* TASK GOAL:
Return each line exactly, beginning with the one that has "Şahnur Set de" and finishing with the final line of the material. Drop any pictures.

* SOURCE INFORMATION:
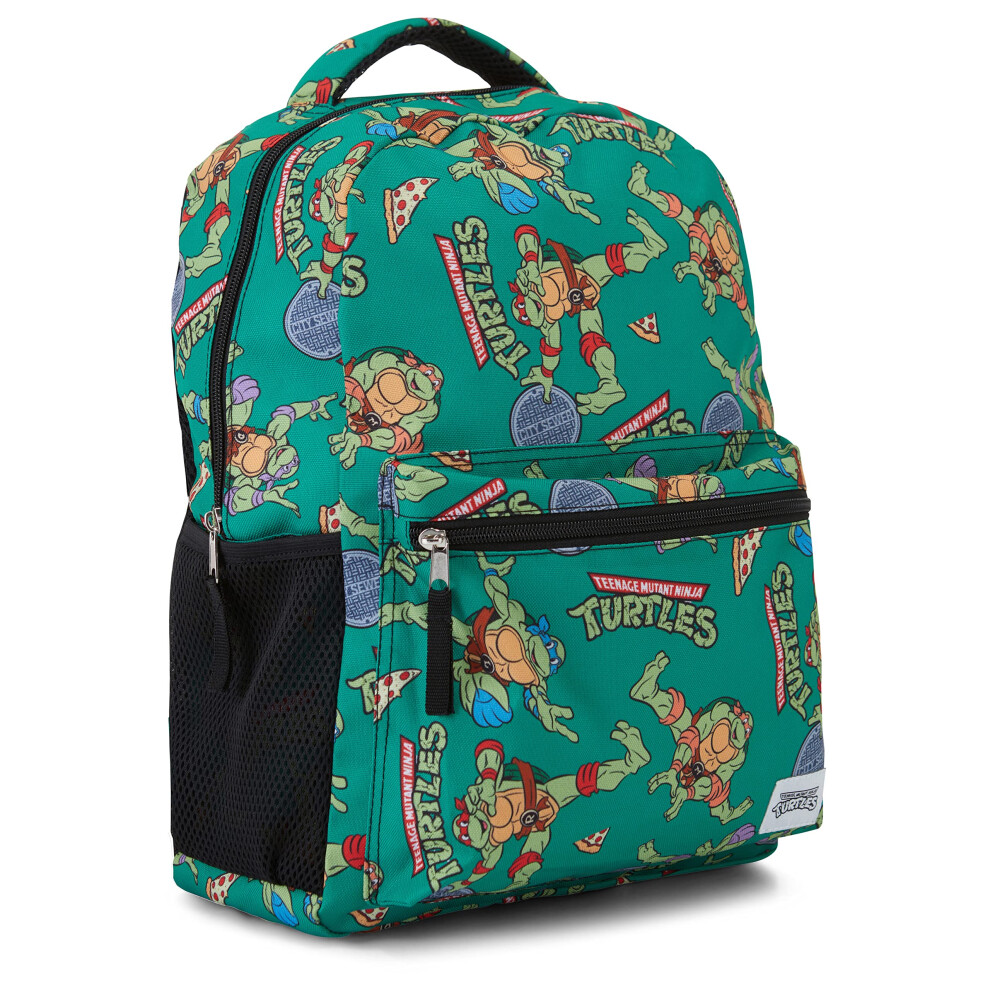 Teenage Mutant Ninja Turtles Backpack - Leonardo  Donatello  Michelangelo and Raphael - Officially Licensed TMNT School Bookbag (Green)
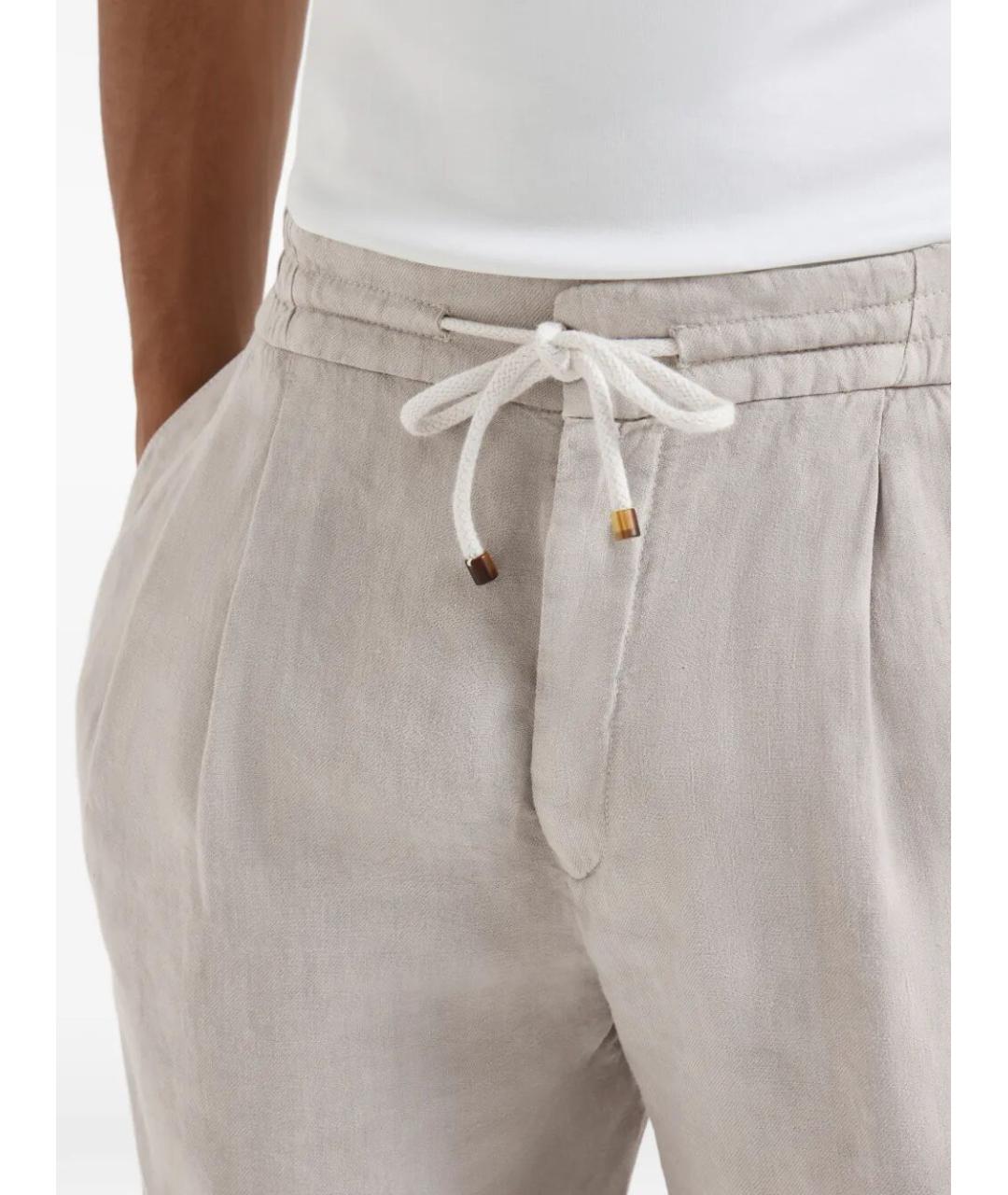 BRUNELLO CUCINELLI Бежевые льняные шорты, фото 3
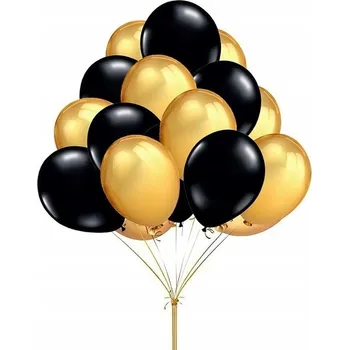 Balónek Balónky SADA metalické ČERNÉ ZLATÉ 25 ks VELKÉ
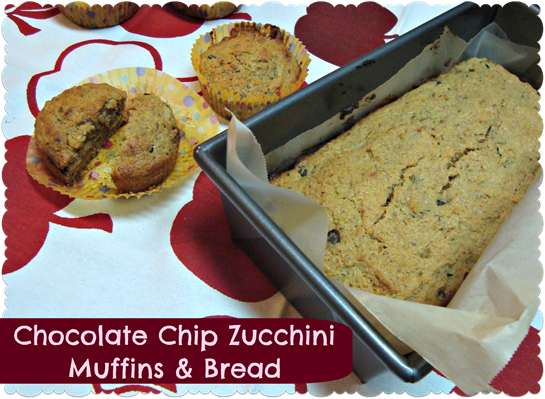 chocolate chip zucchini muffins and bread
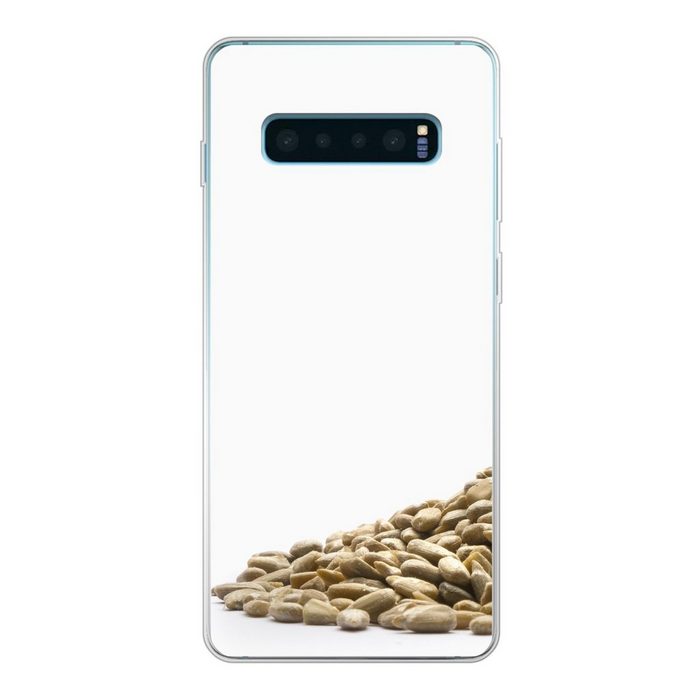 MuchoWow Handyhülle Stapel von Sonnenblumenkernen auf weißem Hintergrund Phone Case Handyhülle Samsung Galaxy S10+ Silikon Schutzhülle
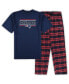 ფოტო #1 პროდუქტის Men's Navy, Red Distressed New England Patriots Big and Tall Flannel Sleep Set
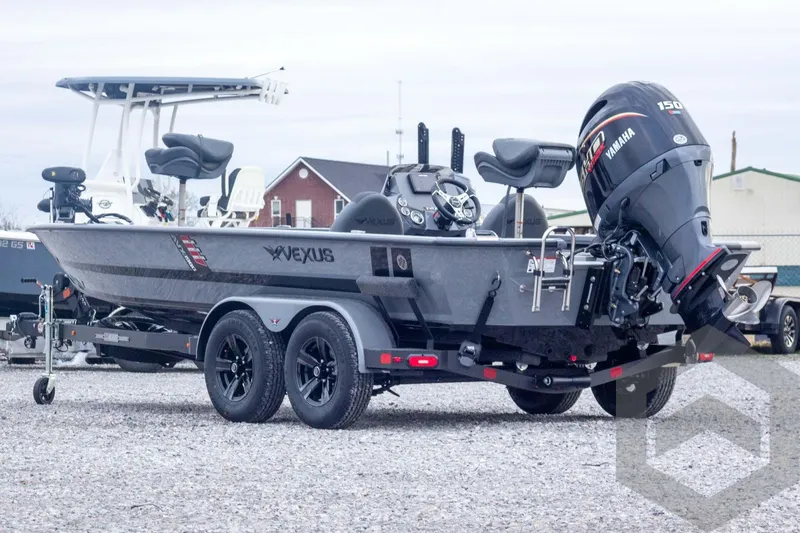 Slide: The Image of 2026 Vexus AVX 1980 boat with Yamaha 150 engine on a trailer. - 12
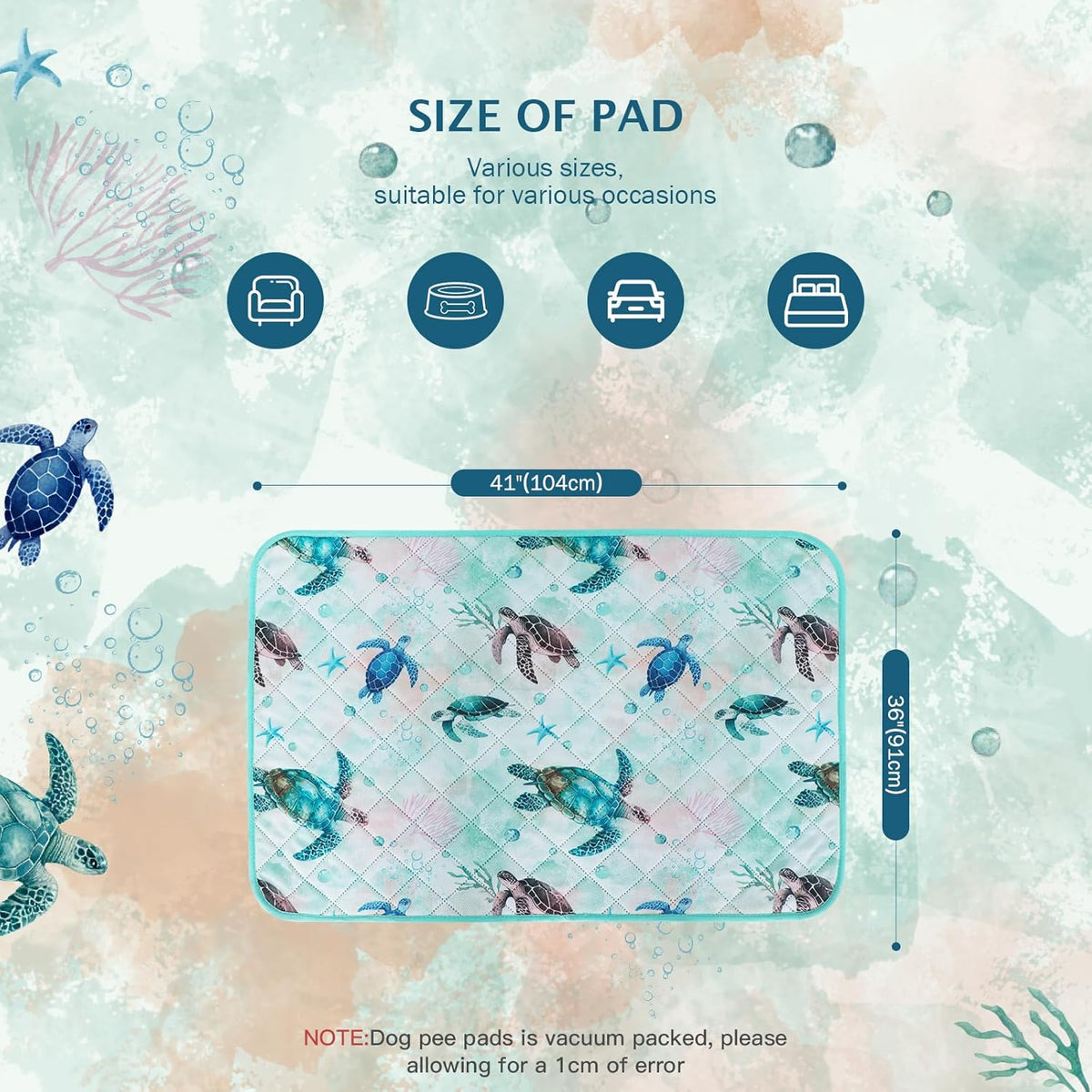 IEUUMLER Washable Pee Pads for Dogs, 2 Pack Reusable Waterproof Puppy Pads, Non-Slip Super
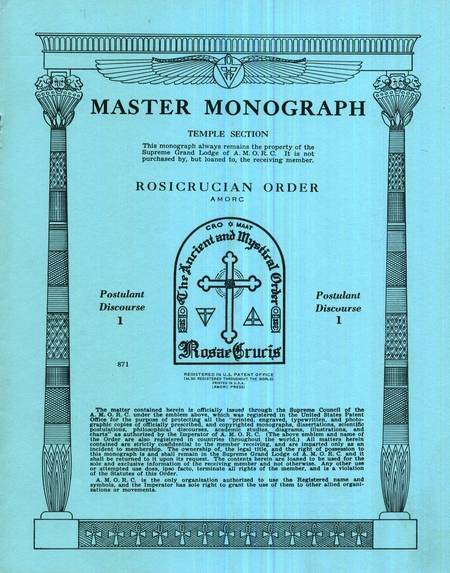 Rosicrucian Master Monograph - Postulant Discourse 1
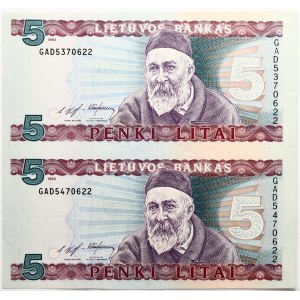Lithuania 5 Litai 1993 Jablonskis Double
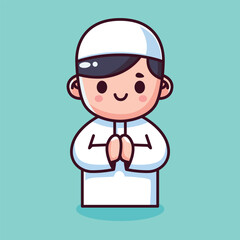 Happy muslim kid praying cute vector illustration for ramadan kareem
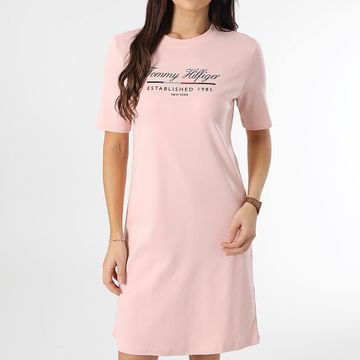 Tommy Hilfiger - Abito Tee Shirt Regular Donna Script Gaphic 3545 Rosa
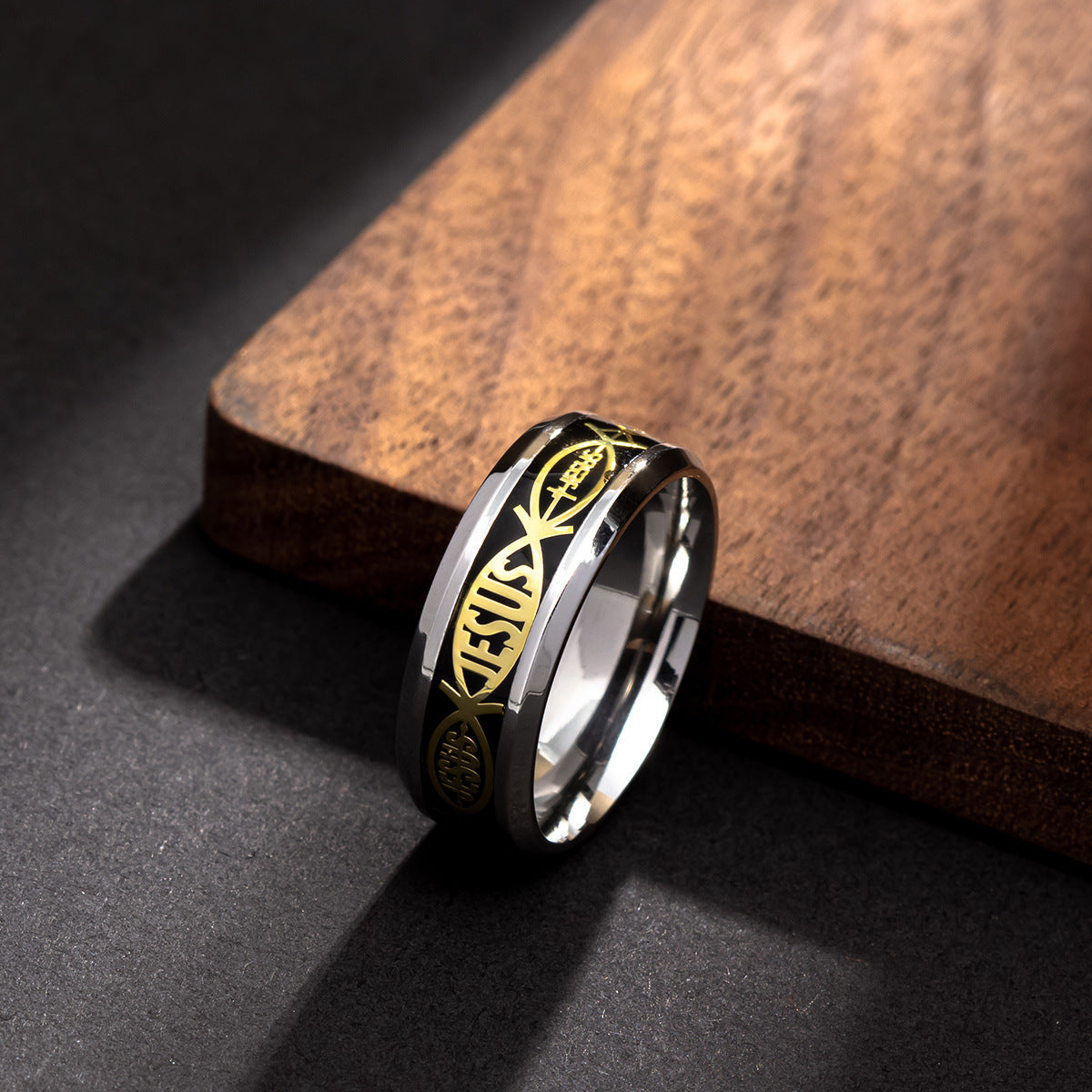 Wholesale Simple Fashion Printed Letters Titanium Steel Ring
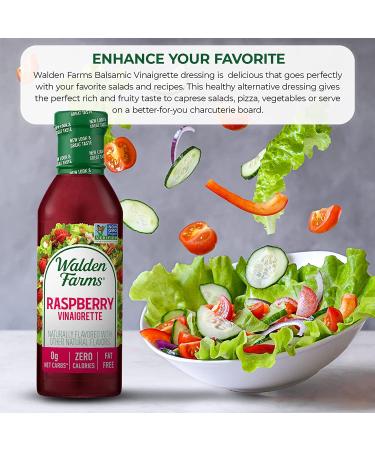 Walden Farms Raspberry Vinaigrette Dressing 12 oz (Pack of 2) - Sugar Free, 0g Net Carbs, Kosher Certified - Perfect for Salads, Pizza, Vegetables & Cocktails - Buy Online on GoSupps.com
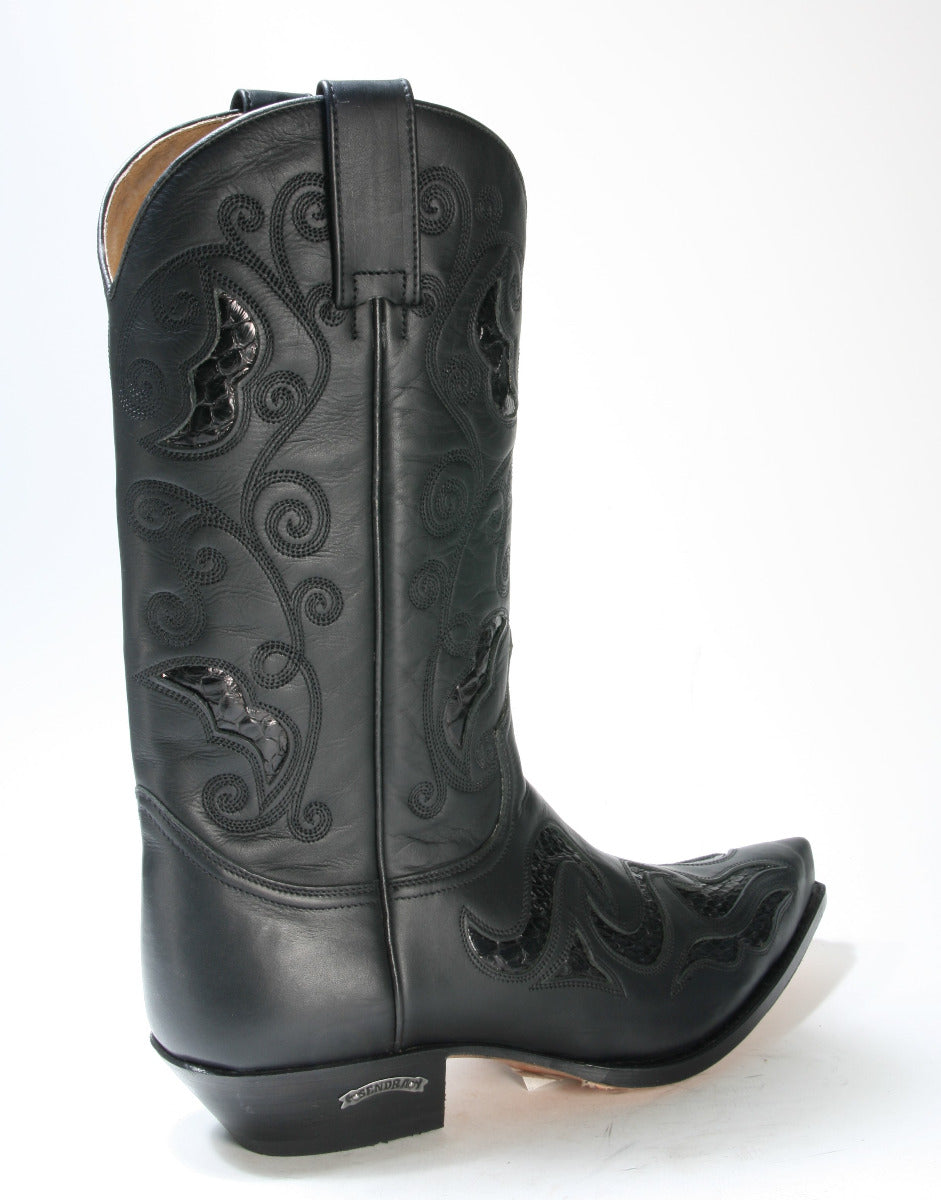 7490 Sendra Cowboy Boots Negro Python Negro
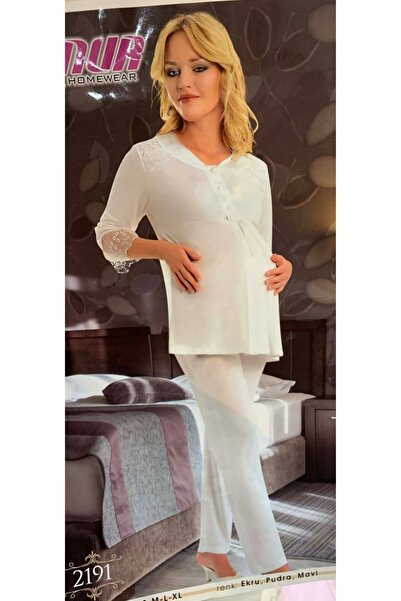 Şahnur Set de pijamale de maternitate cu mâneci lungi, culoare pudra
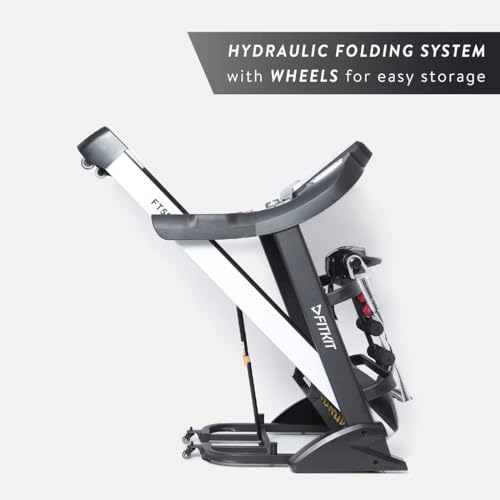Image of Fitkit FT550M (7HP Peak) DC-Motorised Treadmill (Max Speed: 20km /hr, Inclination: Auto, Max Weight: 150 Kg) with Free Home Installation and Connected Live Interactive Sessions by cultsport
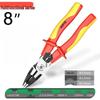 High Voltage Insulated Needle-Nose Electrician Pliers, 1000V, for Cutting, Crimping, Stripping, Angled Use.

* REPLY:
 Şahnur Set de pijamale de maternitate cu mâneci lungi, culoare pudra
Image of Fitkit FT550M (7HP Peak) DC-Motorised Treadmill (Max Speed: 20km /hr, Inclination: Auto, Max Weight: 150 Kg) with Free Home Installation and Connected Live Interactive Sessions by cultsport
 High Voltage Insulated Needle-Nose Electrician Pliers, 1000V, for Cutting, Crimping, Stripping, Angled Use.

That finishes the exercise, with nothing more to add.